THE PROBLEM: Write out again the lines from the line with "Vacunar a toda" up to and including the line with "91家纺网 家纺一手货源 找家纺", exactly as they stand below, and skip any picture.

DATA RECORDS:
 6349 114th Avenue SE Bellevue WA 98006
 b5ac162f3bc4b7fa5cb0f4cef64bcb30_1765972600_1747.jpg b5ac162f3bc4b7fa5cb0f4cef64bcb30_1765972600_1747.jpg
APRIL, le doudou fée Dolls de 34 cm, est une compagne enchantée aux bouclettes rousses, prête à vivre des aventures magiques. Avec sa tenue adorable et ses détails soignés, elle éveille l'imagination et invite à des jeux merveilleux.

...

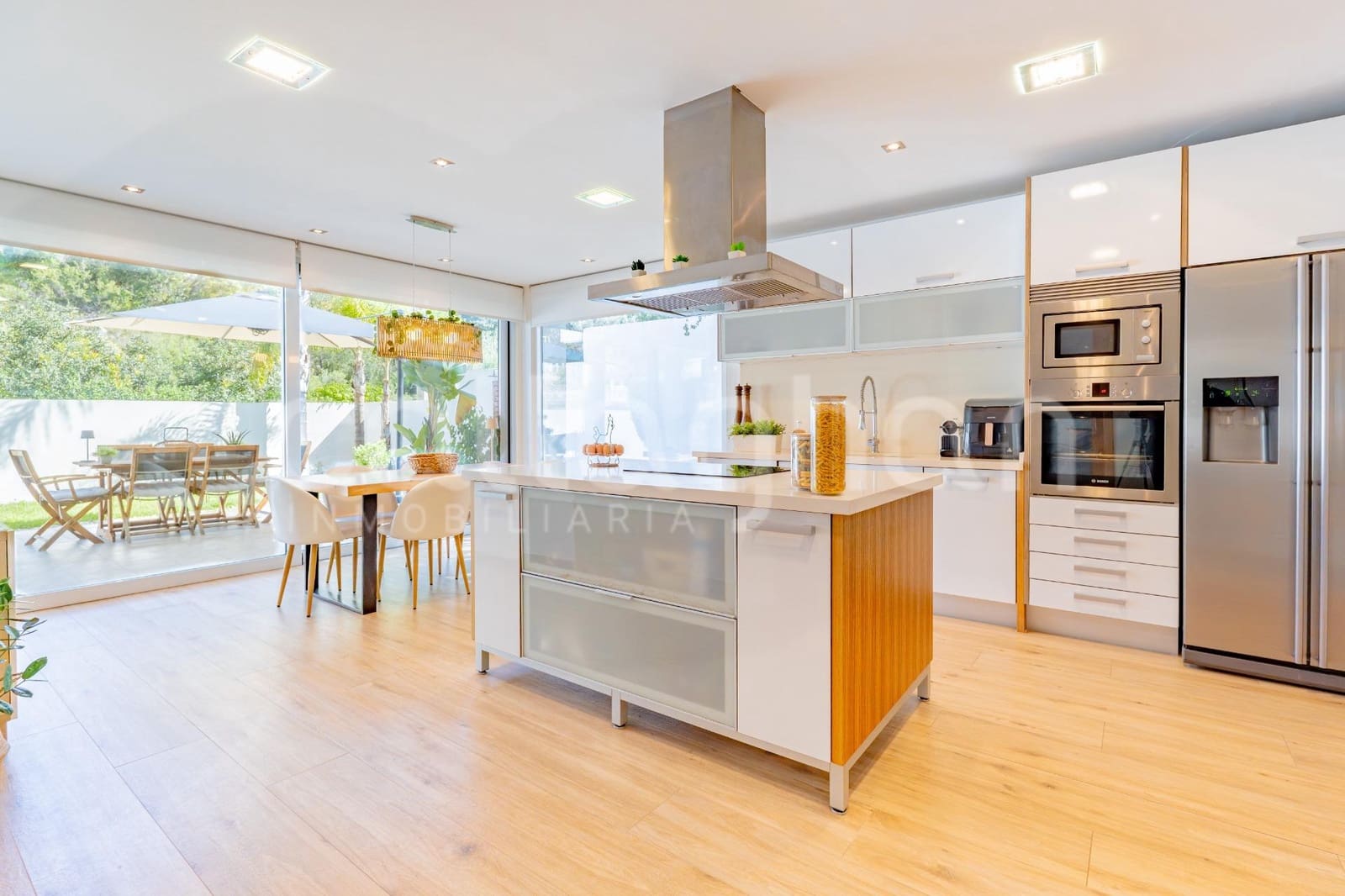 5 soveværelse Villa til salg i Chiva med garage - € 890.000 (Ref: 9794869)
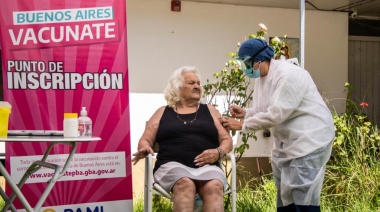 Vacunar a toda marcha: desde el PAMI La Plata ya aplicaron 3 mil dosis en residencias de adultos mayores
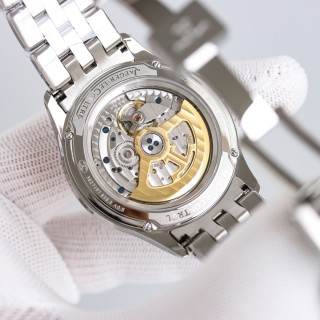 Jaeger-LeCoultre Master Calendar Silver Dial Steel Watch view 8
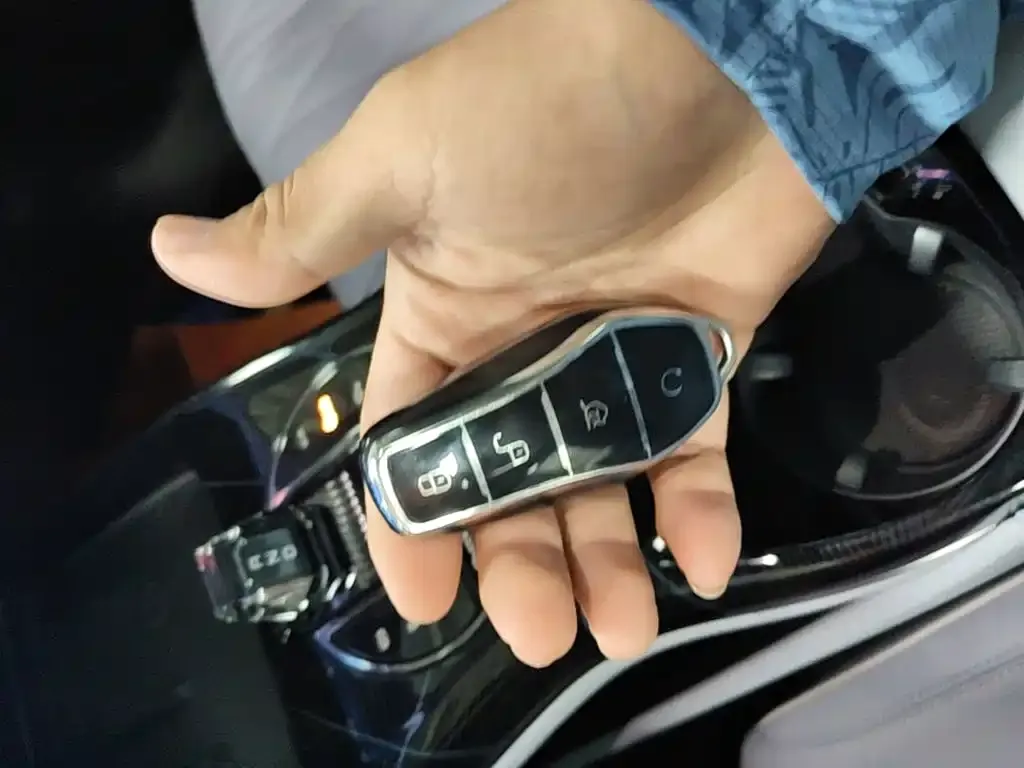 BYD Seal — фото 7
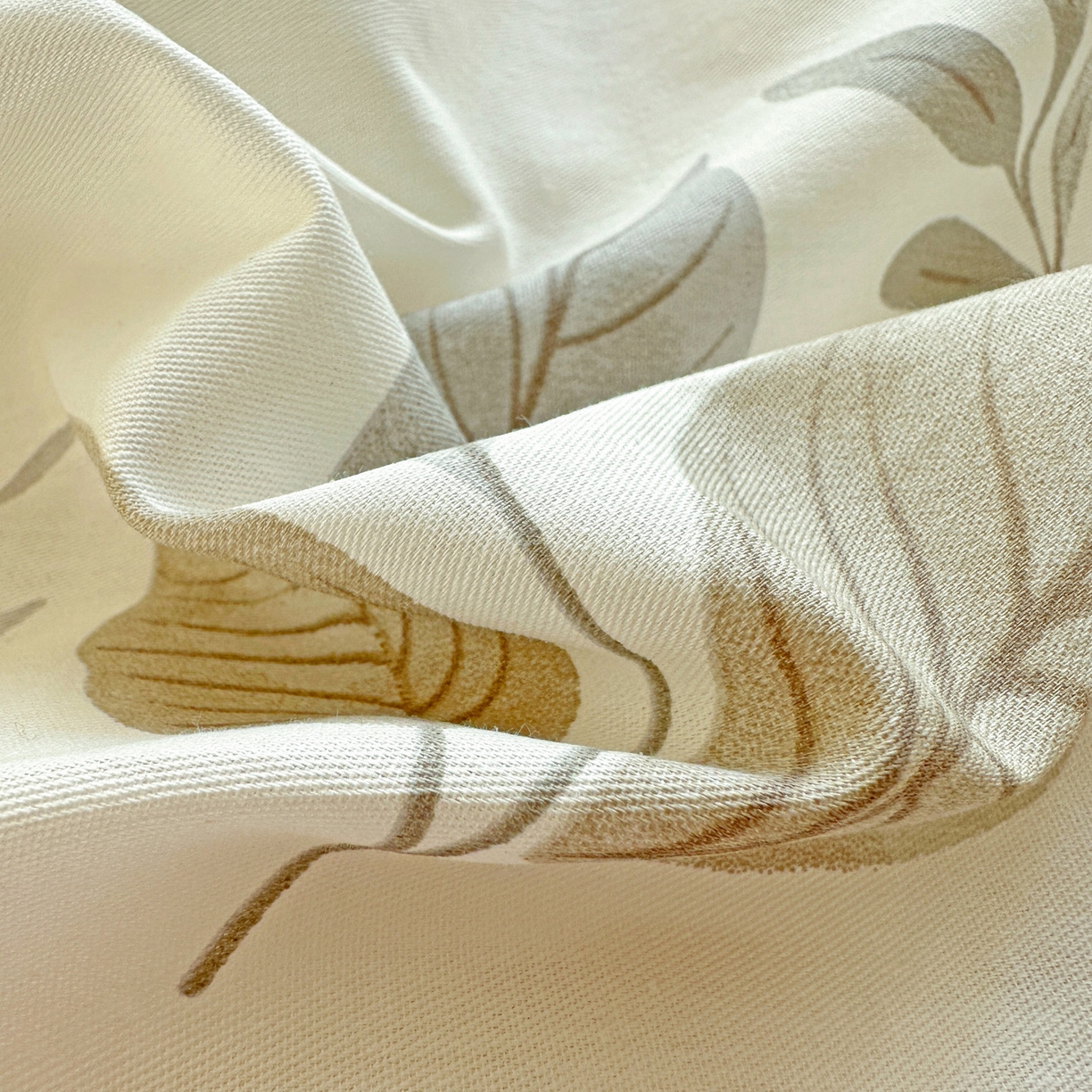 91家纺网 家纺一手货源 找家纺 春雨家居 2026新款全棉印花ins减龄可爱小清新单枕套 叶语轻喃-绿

ANSWER TO THIS EXERCISE:
 Vacunar a toda marcha: desde el PAMI La Plata ya aplicaron 3 mil dosis en residencias de adultos mayores
 Jaeger-LeCoultre Master Calendar Silver Dial Steel Watch view 8
 BYD Seal — фото 7
 91家纺网 家纺一手货源 找家纺 春雨家居 2026新款全棉印花ins减龄可爱小清新单枕套 叶语轻喃-绿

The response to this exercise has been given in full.